Le protectorat européen, nettement, clairement stipulé, à l’exclusion de tout protectorat particulier ? Est-ce là ce que la Russie signera, sans ambages, par une disposition formelle, par un article de traité ? Qu’on nous l’apporte : nous applaudirons de grand cœur ; mais nous y regarderons de près, de très près, avant d’y croire.

Peut-être va-t-on faire valoir les avantages indirects de l’arrangement. Toujours est-il, nous dira-t-on, que notre isolement aura cessé, que nous pourrons désarmer sans crainte, alléger les charges de notre trésor, employer l’argent des contribuables à des entreprises plus utiles que les fortifications de la capitale. On connaît les élégies de certains industriels romantiques. On nous étale toute sortes de craintes bien touchantes, moins une cependant, celle de voir les Cosaques bivouaquer pour la troisième fois aux Champs-Elysées.
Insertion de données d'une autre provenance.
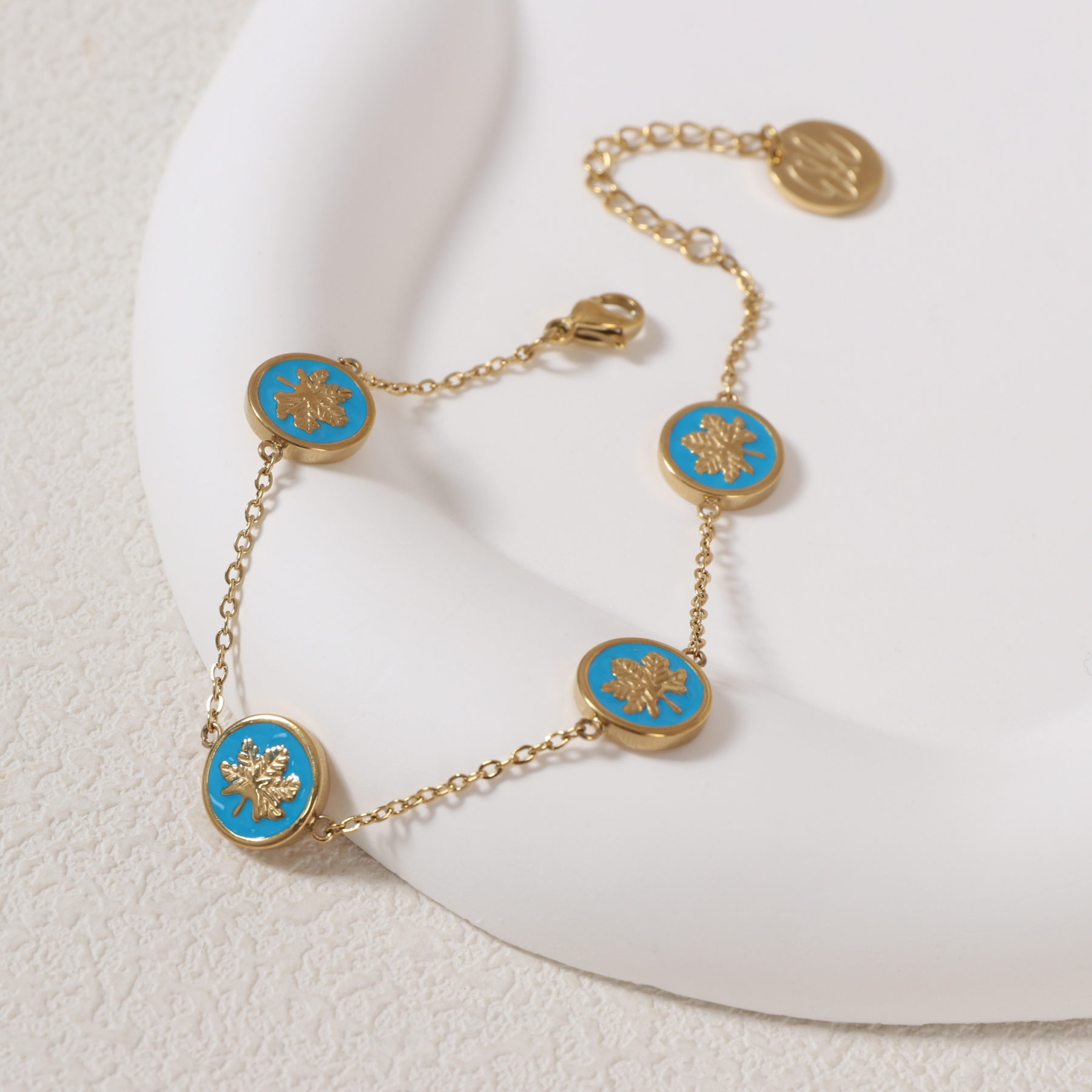 Armband “Lucky Maple”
Celle-là, on l’oublie. Est-ce que ces messieurs, s’ils enfonçaient les tonneaux de vin de Champagne, ne brisaient pas les métiers ?

Si c’est là tout le profit que la France doit retirer du concert européen, nous avons le malheur de ne pas le comprendre. Désarmer ! Nous aimerions encore mieux désarmer aujourd’hui même, motu proprio, qu’à la suite d’une convention illusoire. Il y aurait plus de dignité et plus de courage.

Au surplus, ici encore, nous ne rappellerons pas les paroles de l’opposition, mais celles d’un membre de la majorité, de M. Dufaure. Avec lui, nous dirons que les termes de l’adresse ont marqué suffisamment le degré de prudence à la fois et de dignité que le cabinet doit garder dans la conduite de nos affaires étrangères.

Mais il ne convient pas de s’arrêter davantage sur de simples conjectures, sur des bruits qui n’ont peut-être aucun fondement.

Que le ministère organise notre force militaire ; la France en a besoin. C’est encore M. Dufaure qui l’a dit. Quant aux négociations, avant de rien prononcer, il est juste et prudent d’attendre que le public soit initié à la connaissance réelle des faits.


V. de Mars.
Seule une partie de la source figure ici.